俺のスペック
「キド様は、この世界に再び魔王が現れたことをご存知ですか?」
「いや、ご存知ではありませんが?」
「以前よりも更に力を増し、再び世界を暗黒に陥れようとしているのです」
「この世界の守備力どうなってんだよ!」
「新たな魔王の名を、『
中二病か!
「その『覚醒覇魔王』または『インフィニティデッドキング』に対抗すべく、各地から勇者を募ったのですが......」
「ですが?」
「候補者の出した条件が、その、私とけ、結婚をすることでして」
バカなの?勇者バカなの?女子アナと結婚したくてサッカー選手を目指すやつと脳ミソ同レベルなの?
「もちろん私は、勇者候補のどの方も好きにはなれそうにありませんでした。そのことを父に話すと、さすがに、父も姉の件で反省し、改善をして......」
「全員断ったんだな?」
「いえ、勇者に旅立たせる前に、私に、結婚してもいい者を一人選べと。そしてその者に魔王討伐の任を与え、成功したなら、その褒美として私を嫁がせると」
「いやいやいやいやいや、誰も好きじゃないって言ってるんだから、選びようがないだろ!」
「私もそう言いました。
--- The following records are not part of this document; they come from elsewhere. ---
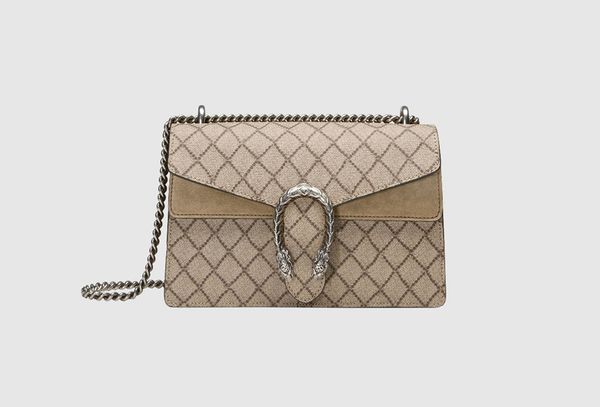 luxurys designers women shoulder bag change handbags crossbody canvas or leather details antique silver-toned hardware microfiber lining wit
luxurys designers women shoulder bag change handbags crossbody canvas or leather details antique silver-toned hardware microfiber lining wit
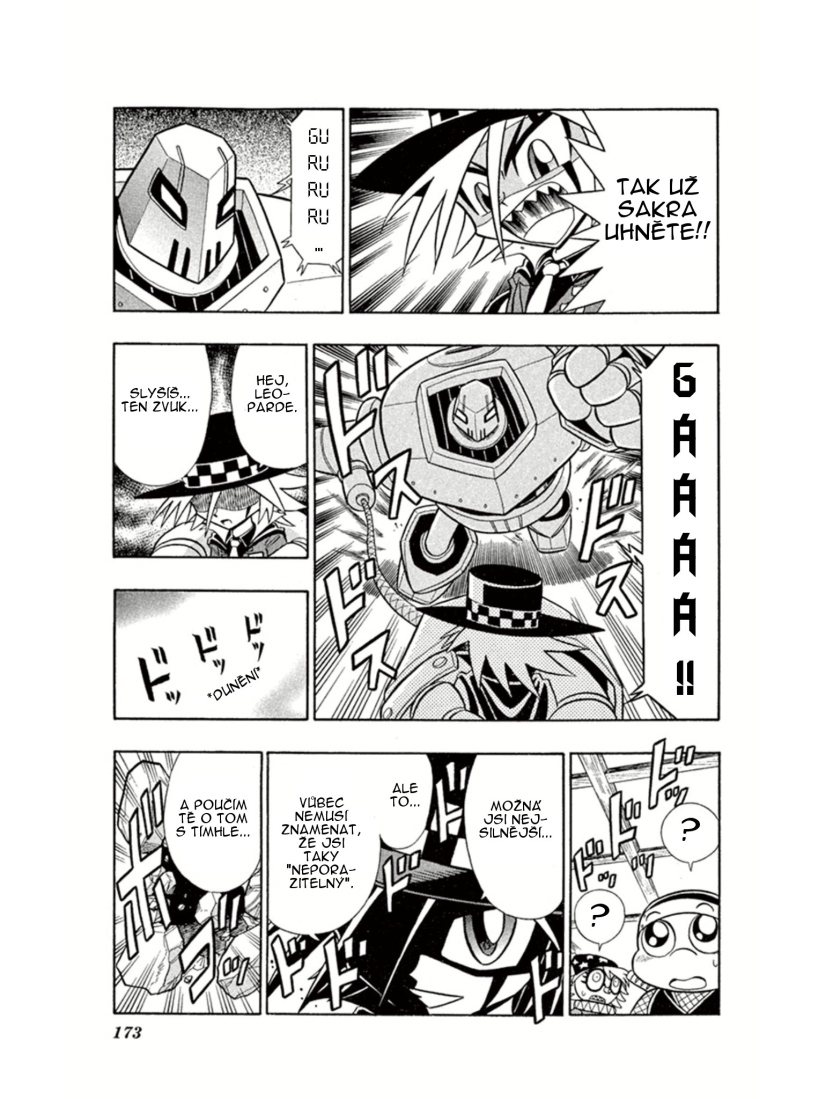 Kaitou_Joker_ch005_p27.jpg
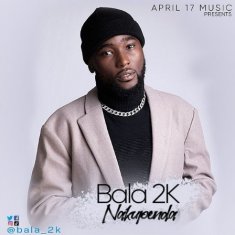 Bala 2K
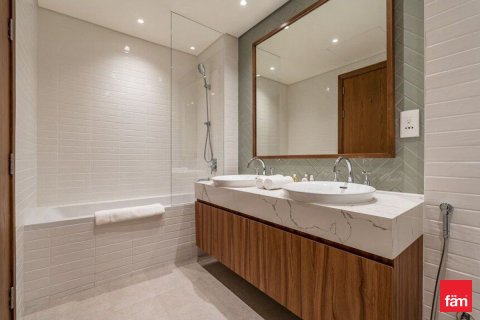 Appartement de 2 chambres à Al Wasl, UAE No. 100617 15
ですが父は、条件を拒絶すると、誰も名乗りを挙げなくなるからと」
「はぁ?」
そんなの、娘を売るようなものじゃないか。それでも親か!
「粘り通して来ましたが、皆ももう我慢の限界です。どうしようかと迷っていましたが、先ほど、その一人を決めました」
「え?それって......」
「はい、あなたです!」
「いやなんで⁉」
「一目惚れと言いましたよね?私は、キド様となら結婚しても構いません。というかむしろ結婚したいです!」
「いや、俺は一目惚れされるような人間じゃないと思うのだが⁉」
しかもこんな美少女お姫様に!
「いえ、あなたはとても素敵です」
「なんで言い切れるんだよ、俺たち初対面だよね?」
俺は身長が高いわけでも、イケメンなわけでもない。おまけに、彼女のベッドに潜り込んでいるところを見つかるという最悪の出逢いかただ。
今は好きと言われて嬉しいより、なんで俺?という疑いの気持ちの方が大きかった。
「私の右目は、その人のオーラを視ることができます」
中二病かよ。
「あなたのオーラは、大きいわけでも、きれいな色をしているわけでもありませんでした。むしろ、小さくて地味でした」
誉めてないよね?
「でも、どこか懐かしいような、幸せな気持ちにしてくれる、そんな温かさを感じました」
?
「こんなオーラを視たのは初めてで、あぁ、この人はきっと、周りの人間を幸せにしてくれる。この温かさで包んでくれる。そう思ったんです」
「俺が?」
「はい。オーラで全てを判断したいとは思いませんし、ただの気の迷いなのかもしれません。くだらない戯言ととってくれても構いません」
気付けば俺は、このユリエルから目をそらせなくなっていた。